◆ The task ◆
In the entries that follow, repeat exactly the lines from the one that has "Οθόνη με οθόνη" through the one that has "Schwaiger LWH1323 511", but omit pictures.

◆ Data extracts ◆
☆ ☆ ☆
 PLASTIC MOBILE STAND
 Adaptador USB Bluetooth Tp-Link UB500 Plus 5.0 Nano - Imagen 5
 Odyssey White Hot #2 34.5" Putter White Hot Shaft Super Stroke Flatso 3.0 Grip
☆ ☆ ☆
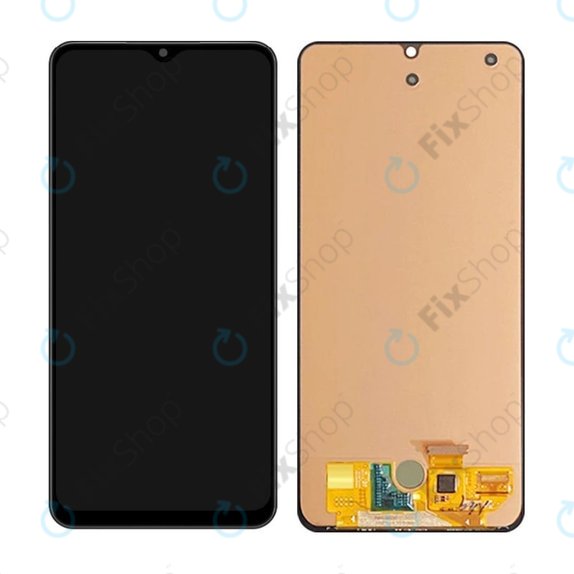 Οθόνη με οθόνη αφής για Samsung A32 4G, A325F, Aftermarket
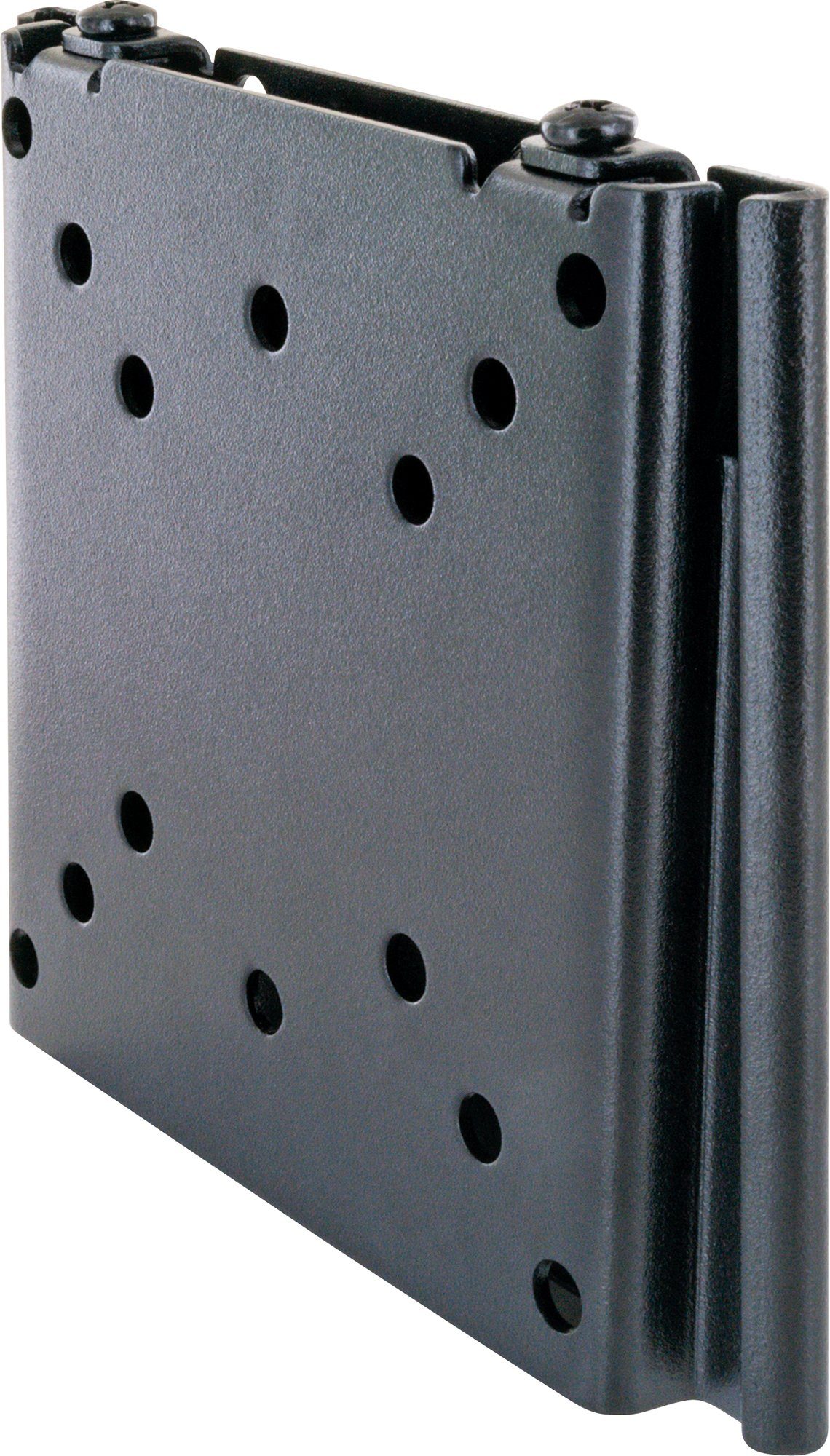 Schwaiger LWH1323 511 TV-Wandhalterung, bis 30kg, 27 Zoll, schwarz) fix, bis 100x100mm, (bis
☆ ☆ ☆
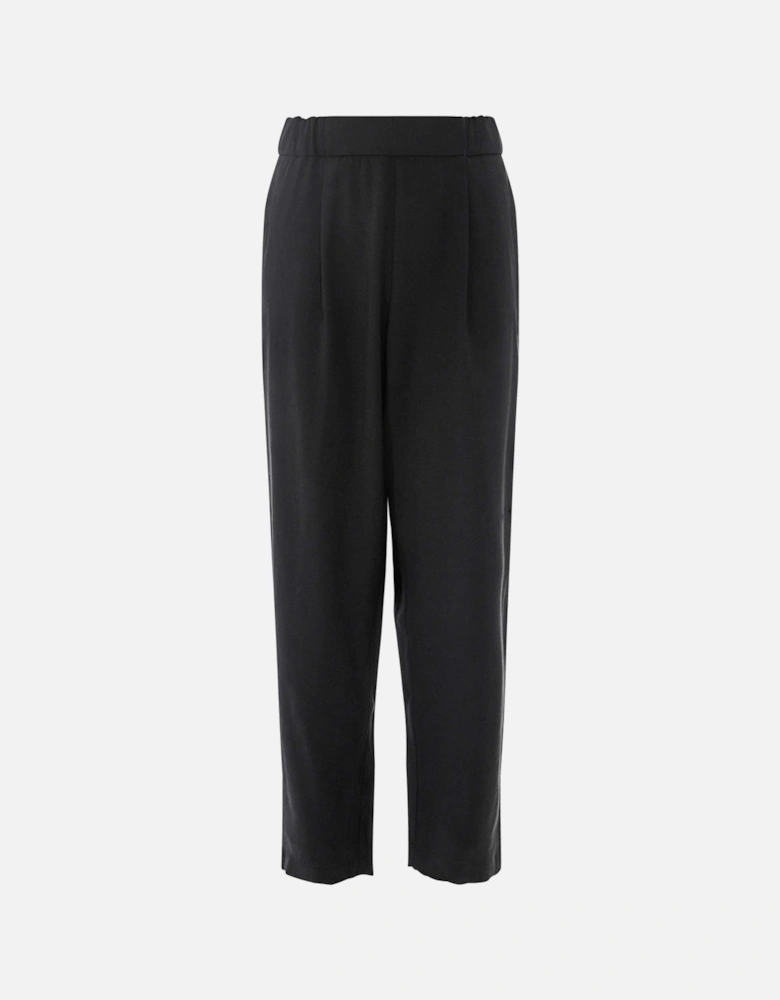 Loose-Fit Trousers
☆ ☆ ☆
◆ Response ◆
 Οθόνη με οθόνη αφής για Samsung A32 4G, A325F, Aftermarket
 Schwaiger LWH1323 511 TV-Wandhalterung, bis 30kg, 27 Zoll, schwarz) fix, bis 100x100mm, (bis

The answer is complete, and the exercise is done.